The trail is wide enough 
for the hiker to avoid poison oak.

    When I paused to read my poem on its placard by the trail and read its last two lines—"Gathering all the glory on the wing/A bird's song colors air. These days of spring"—I lifted my head and heard the birds, the perfect combination of poetry and experience. Reading about the turkey vulture in Dan Kaufman's poem at an overlook, I kept expecting to see a vulture soaring in the distance. And Pepper Trail's five haiku were written on Table Rock, so they evoked exactly where I was.
    From the wide, flat expanse of the top of Upper Table Rock, snow-peaked Siskiyou Mountains rickracked the distant horizon. Desert parsley yellowed the ground. 

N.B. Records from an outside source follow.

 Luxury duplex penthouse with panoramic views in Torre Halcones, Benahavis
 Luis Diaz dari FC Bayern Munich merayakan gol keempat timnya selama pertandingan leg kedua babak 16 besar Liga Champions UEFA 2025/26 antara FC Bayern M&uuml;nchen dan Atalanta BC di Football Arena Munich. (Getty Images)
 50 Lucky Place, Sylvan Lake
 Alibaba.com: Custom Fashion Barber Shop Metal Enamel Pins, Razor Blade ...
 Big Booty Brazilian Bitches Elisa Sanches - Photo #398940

Desert parsley and snowy Siskiyous

In the distance I could see a white tower of some sort and imagined it as a religious or ritual tribute to Table Rock. I was curious enough to decide to walk to it.

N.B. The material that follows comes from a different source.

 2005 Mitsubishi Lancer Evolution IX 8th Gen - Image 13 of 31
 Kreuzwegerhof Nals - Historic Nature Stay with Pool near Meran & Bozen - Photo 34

    To save you the hour's walk, in case you hike there and have the same curiosity, I will tell you that it is an ugly government tower with huge Keep Off signs. I could have saved myself the extra hour's walk by simply looking for information on Wikipedia later, which told me, after I got home, that it is a 25-foot tall very high frequency omnidirectional range aviation tower. In other words, a practical thing for navigation, but far from the lovely steeple I had imagined.
ORA tower

    Other than the tower, the hike was nothing but beauty—the flowers, the views, the woods, and the poems. If you live in or near the Rogue Valley, go to the Table Rock trails this April both to see the wildflowers and to read the poems. You're in for a treat.